The Tea app, a dating safety tool where women can anonymously review men they dated, recently became a source of unverified personal information on college campuses, including Pitt.
As the app gained popularity around campus, some students questioned whether its stated mission of protecting women was overtaken by ethical concerns.
Tea Dating Advice was created by software engineer Sean Cook in November 2022 after witnessing his mother get catfished online. The app was founded on the principle that “women should never have to compromise their safety while dating.” The app’s primary feature allowed women to post photos of men and rate them with Yelp-style reviews. On each post, users could award “green flags” for positive experiences or “red flags” for poor or violent behavior.
To access the platform, users submitted selfies that the app’s AI verification used to confirm they were women. Once approved, the app offered reverse image searches to authenticate a man’s identity, phone number lookups to check for hidden information and background checks that searched public records and sex offender registries.

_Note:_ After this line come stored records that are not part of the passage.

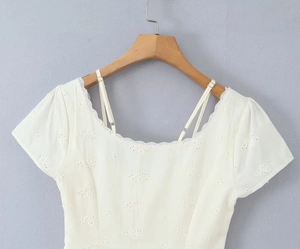 Detailed view of white short-sleeve lace dress with intricate hollow embroidery and straps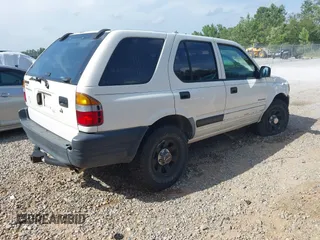 1998 Isuzu Rodeo with VIN 4S2CK58D3W4301606, listed as a IAAI auction lot 42453329 with 219,433 mi miles and . Bid and sale history available at DreamBid. Image 4.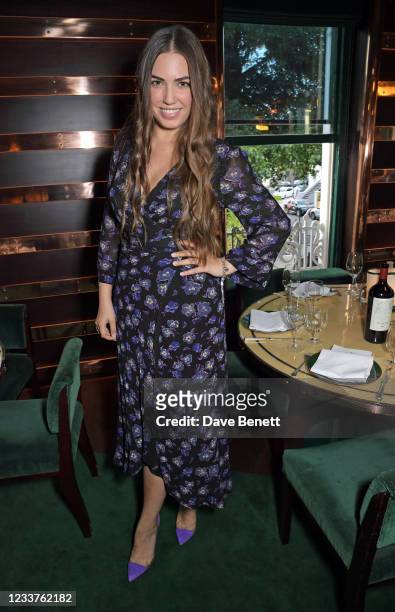 Amber Le Bon attends Andy Valmorbida and Untitled-1's dinner for the Richard Hambleton, Rizzoli and Castle Gallery collaboration on July 1, 2021 in...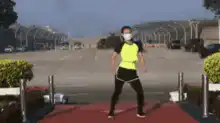 Man in mask dancing on red carpet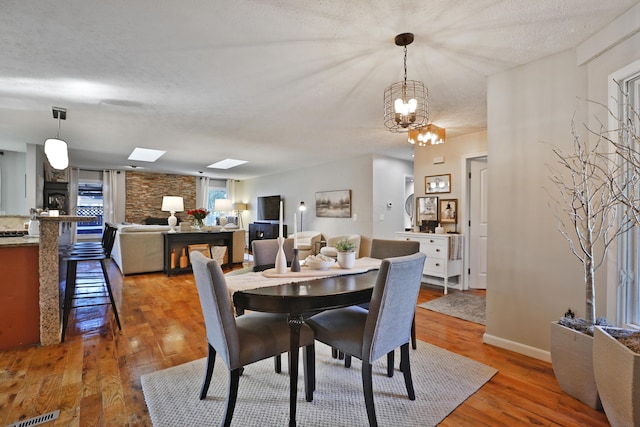 7775 Pembrook Dr, Reynoldsburg, OH 43068 - dining room with light wood finished floors, baseboards, a skylight, and a chandelier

Courtney Colligan, a gender, sexuality and women’s studies professor, identified “red flags of a different kind” within the Tea app. Colligan pointed to the app’s disconnect from traditional safety networks like a “whisper network,” or an informal chain of contextualized information passed privately between women.
“Already, we’re seeing a platform [in the Tea app] and the way that it’s packaged that’s trying to get more clicks and downloads rather than actual routes in safety,” Colligan said. “I think there’s this issue with a lot of safety and advocacy initiatives getting co-opted into capitalism.”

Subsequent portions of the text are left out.